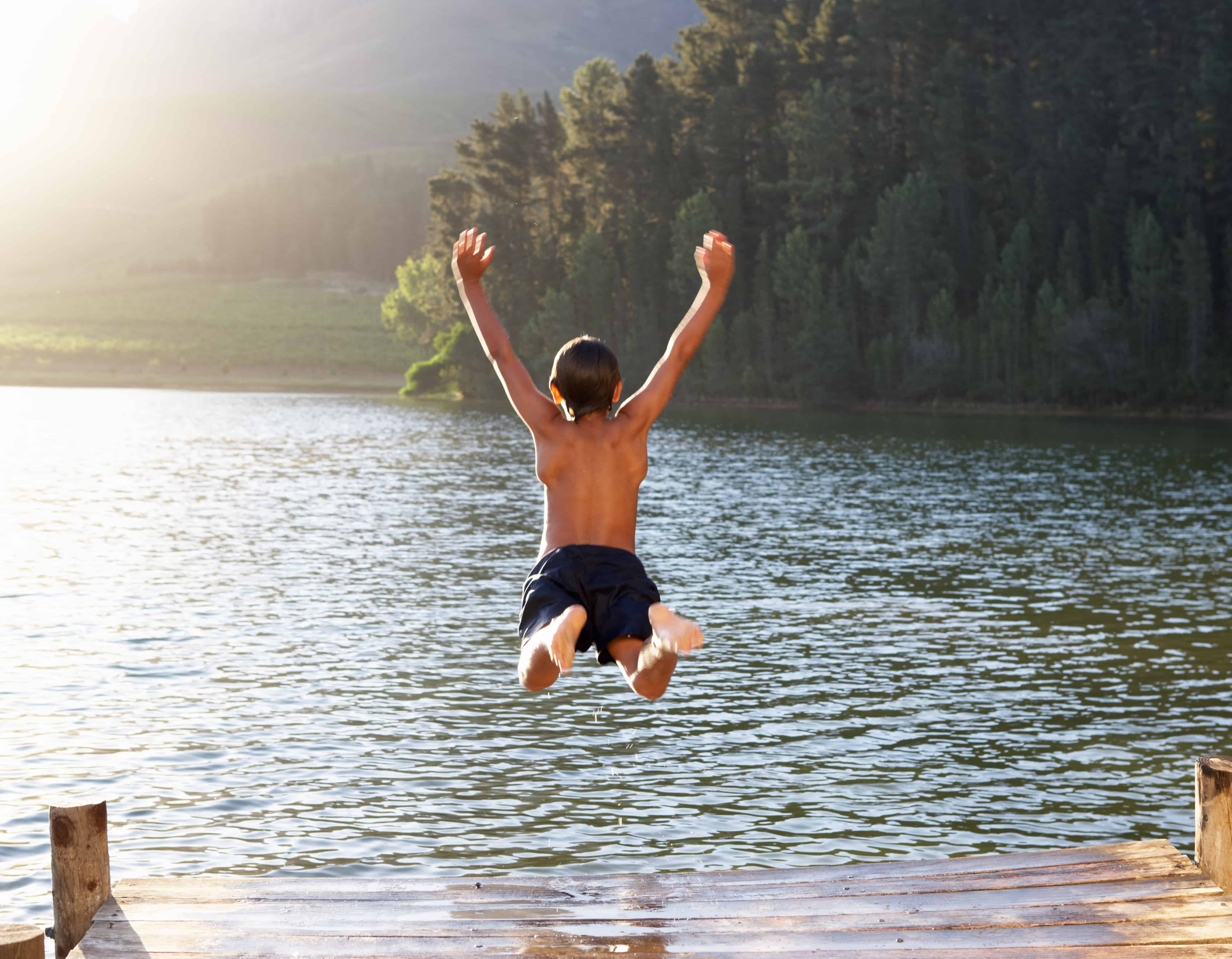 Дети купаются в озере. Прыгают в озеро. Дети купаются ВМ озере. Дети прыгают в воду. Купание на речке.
------------------------------------
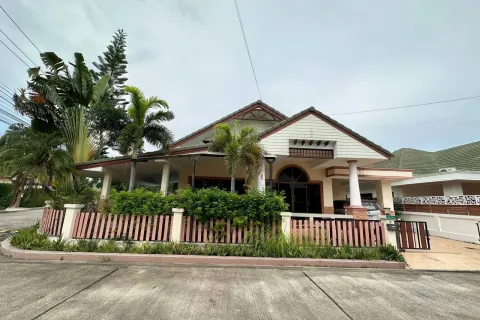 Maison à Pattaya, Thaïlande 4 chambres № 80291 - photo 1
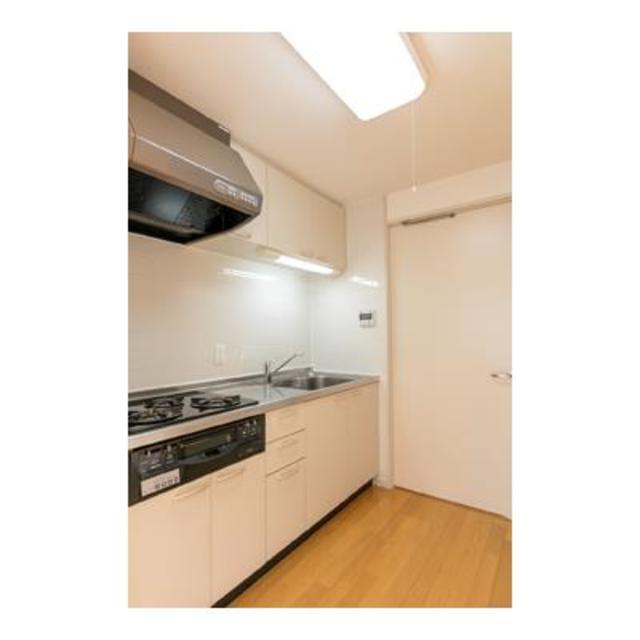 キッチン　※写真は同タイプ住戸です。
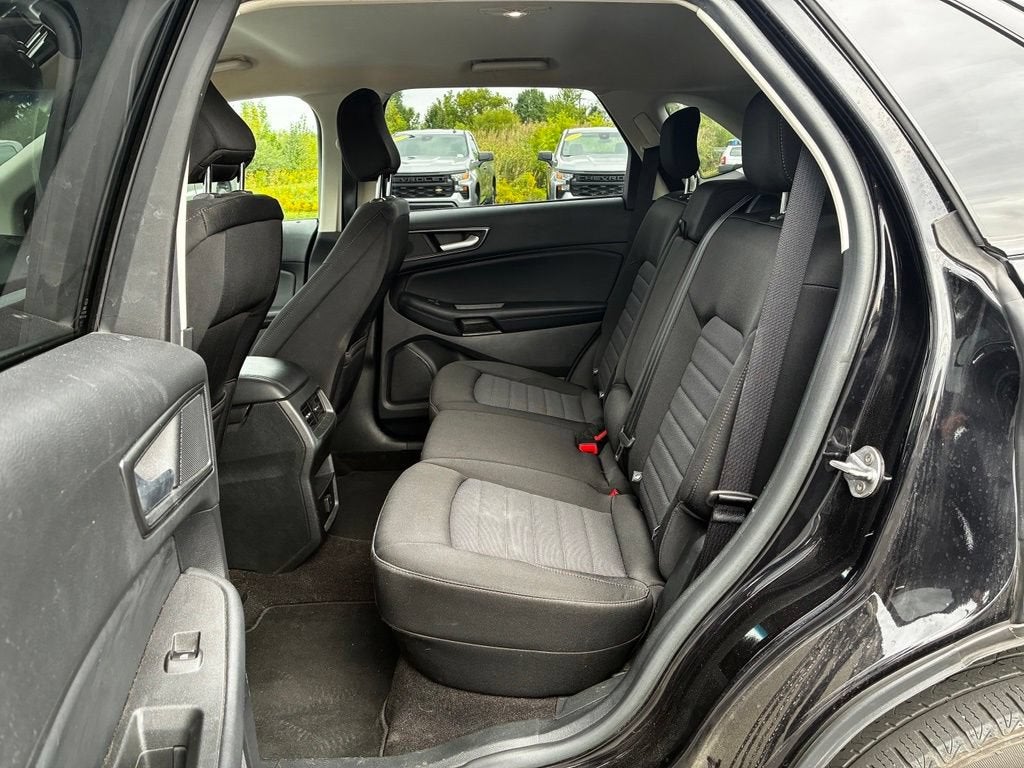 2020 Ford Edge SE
------------------------------------
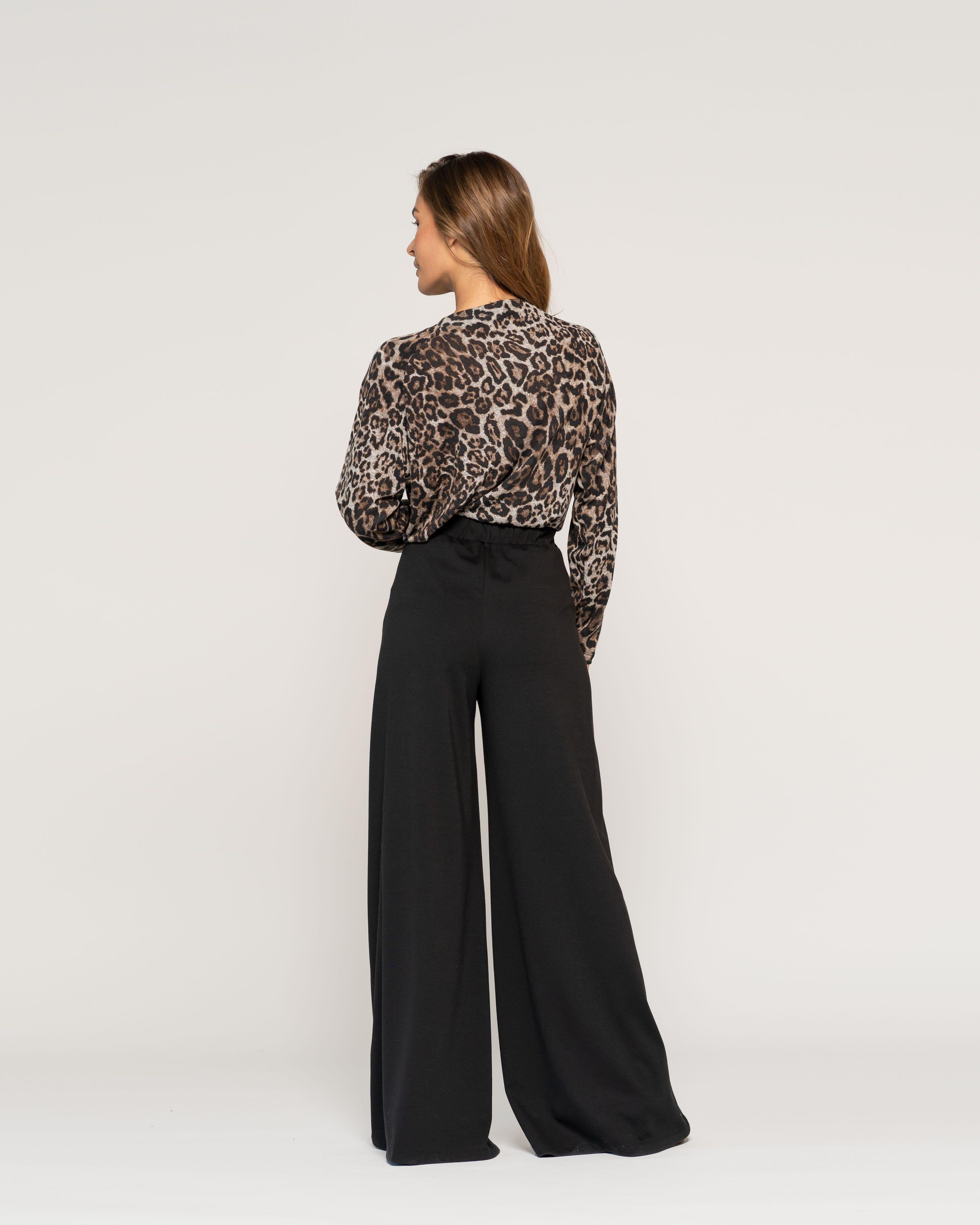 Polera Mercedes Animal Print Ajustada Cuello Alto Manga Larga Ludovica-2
------------------------------------
** What you need to do **
Only one part of the material above is wanted: the lines from the one with "Maison à Pattaya, Thaïlande" up to and including the one with "2020 Ford Edge SE". Please copy them exactly, pictures left out.

** Completed exercise **
 Maison à Pattaya, Thaïlande 4 chambres № 80291 - photo 1
 キッチン　※写真は同タイプ住戸です。
 2020 Ford Edge SE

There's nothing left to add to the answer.